Freedom of human will is almost wholly admitted by Caraka, and, where the fruits of previous actions are not of a confirmed character, they can be averted or improved.by our efforts. Our efforts thus have on the one hand a cosmical or universal effect, as determining the conditions of the development of the material world, and on the other hand they determine the fate of the individual. The fruits of our actions determine our birth, our experiences and many intellectual gifts; but they do not determine the nature of our will or affect its strength of application in particular directions.

Footnotes and references:

[1]:

Caraka-samkitā, 111. 3. 28-38.

[2]:

buddhyā samyag idaṃ mama hitam idam mamāhitam ity avekṣyāvekṣya kar-maṇāṃ pravṛttīnāṃ samyak pratipādanena ity ahita-karma-parityāgena hita-karmācaraṇena ca.
      Cakrapāṇi on Caraka, 1. 8. 17.

[3]:

yair eva tāvad indriyaiḥ pratyakṣam upalabhyate tāny eva sand cāpratyak-ṣāṇi.
      Caraka, i. 11. 7.

[4]:

satāṃ ca rūpāṇām ati-sannikarṣād ati-viprakarṣād āvaraṇāt karaṇa-daurba-lyān mano ’navasthānāt samānābhihārāt abhibḥavād ati-saukṣmyāc ca pratyakṣānu-palabdhiḥ.
      Ibid.
11. 8.

[5]:

saṃsveda-jānāṃ maśakādīnāṃ tathodbḥij-jānāṃ gaṇḍūpadādtnāṃ cetanānām mātā-pitarau na vidyete tatas teṣām acaitanyaṃ syān mātā-pitroś cetana-kāraṇayorabhāvāt.
      Cakrapāṇi on Caraka, 11. 11.

[6]:

On this point Cakrapāṇi gives a different interpretation in 1. 11. 13.

[7]:

The primary use of prakṛti may have been due to the idea of an enquiry regarding the source and origin of the world.
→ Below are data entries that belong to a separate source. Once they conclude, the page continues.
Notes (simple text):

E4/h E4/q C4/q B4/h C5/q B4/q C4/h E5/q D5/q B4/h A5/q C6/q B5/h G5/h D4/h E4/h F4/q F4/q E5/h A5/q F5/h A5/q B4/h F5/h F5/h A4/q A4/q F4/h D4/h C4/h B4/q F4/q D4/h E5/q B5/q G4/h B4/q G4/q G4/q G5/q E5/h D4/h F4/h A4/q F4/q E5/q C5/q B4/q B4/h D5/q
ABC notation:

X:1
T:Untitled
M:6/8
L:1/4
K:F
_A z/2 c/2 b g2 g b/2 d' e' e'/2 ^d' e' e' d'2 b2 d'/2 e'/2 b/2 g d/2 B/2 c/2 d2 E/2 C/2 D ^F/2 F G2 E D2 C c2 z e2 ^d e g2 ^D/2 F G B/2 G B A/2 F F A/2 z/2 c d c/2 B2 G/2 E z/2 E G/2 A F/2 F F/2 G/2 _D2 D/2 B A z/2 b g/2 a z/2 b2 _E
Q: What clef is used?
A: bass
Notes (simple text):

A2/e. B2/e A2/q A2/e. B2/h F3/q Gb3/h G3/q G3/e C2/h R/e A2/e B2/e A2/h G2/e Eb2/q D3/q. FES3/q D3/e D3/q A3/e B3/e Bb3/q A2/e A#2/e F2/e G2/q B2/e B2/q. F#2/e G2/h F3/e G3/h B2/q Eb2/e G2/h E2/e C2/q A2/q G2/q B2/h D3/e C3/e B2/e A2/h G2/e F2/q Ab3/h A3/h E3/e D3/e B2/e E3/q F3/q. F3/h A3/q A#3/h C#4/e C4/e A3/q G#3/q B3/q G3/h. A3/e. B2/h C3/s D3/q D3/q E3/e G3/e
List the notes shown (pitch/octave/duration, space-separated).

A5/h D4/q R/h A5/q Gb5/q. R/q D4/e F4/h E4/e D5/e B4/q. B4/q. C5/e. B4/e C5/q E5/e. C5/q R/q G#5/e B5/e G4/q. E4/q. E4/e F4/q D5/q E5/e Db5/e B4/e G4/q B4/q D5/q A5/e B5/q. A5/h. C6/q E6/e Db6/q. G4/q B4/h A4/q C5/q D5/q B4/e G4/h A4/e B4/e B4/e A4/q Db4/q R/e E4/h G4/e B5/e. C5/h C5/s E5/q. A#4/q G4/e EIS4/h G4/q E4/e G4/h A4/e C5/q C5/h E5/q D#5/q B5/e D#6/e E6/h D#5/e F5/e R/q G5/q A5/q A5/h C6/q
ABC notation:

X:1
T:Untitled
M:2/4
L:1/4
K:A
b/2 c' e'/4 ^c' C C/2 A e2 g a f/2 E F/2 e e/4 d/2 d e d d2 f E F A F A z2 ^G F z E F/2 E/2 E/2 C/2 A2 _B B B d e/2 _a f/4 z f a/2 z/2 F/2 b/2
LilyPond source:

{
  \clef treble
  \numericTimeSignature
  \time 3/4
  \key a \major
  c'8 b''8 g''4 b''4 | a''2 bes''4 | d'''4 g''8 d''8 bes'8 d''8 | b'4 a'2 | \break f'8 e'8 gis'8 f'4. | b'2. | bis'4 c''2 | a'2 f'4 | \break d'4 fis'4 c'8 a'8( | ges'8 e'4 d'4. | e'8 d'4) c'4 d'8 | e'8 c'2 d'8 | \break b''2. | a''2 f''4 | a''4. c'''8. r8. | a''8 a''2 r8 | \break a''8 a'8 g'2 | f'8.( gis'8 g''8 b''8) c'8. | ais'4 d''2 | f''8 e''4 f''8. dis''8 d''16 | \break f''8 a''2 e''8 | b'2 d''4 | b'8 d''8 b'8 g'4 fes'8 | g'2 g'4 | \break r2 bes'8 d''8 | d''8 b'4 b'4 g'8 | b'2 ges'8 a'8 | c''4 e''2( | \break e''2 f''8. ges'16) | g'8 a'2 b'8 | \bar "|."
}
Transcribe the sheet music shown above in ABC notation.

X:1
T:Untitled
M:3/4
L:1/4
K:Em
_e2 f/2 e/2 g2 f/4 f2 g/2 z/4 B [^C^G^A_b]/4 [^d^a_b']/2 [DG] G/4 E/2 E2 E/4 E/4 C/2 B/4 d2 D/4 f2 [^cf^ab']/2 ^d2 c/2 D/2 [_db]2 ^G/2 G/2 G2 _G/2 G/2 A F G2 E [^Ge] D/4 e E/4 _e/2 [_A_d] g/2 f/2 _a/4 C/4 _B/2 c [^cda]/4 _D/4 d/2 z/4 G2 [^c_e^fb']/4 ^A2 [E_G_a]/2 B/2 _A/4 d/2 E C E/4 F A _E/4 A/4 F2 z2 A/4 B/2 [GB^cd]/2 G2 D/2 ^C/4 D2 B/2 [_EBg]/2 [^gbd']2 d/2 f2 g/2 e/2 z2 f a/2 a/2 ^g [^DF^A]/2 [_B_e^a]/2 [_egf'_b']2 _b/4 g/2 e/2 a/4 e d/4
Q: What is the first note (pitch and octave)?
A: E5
Prakṛti literally meanfe “source” or “origin.” So the term was probably used in reference to other speculations regarding the origin of the world before it was technically applied as a Sāṃkhya term. The ideas of svabhāva, kāla, etc. seem to have been combined to form the technical Sāṃkhya concept of prakṛti, and two schools of Sāṃkhya, the Kapila and the Patañjali schools, arose in connection with the dispute as to the starting of the evolution of prakṛti accidentally ( yadṛcchā) or by the will of God. The idea of prakṛti was reached by combining all the alternative sources of world-manifestation that were current before, and so they are all conserved in the notion of prakṛti.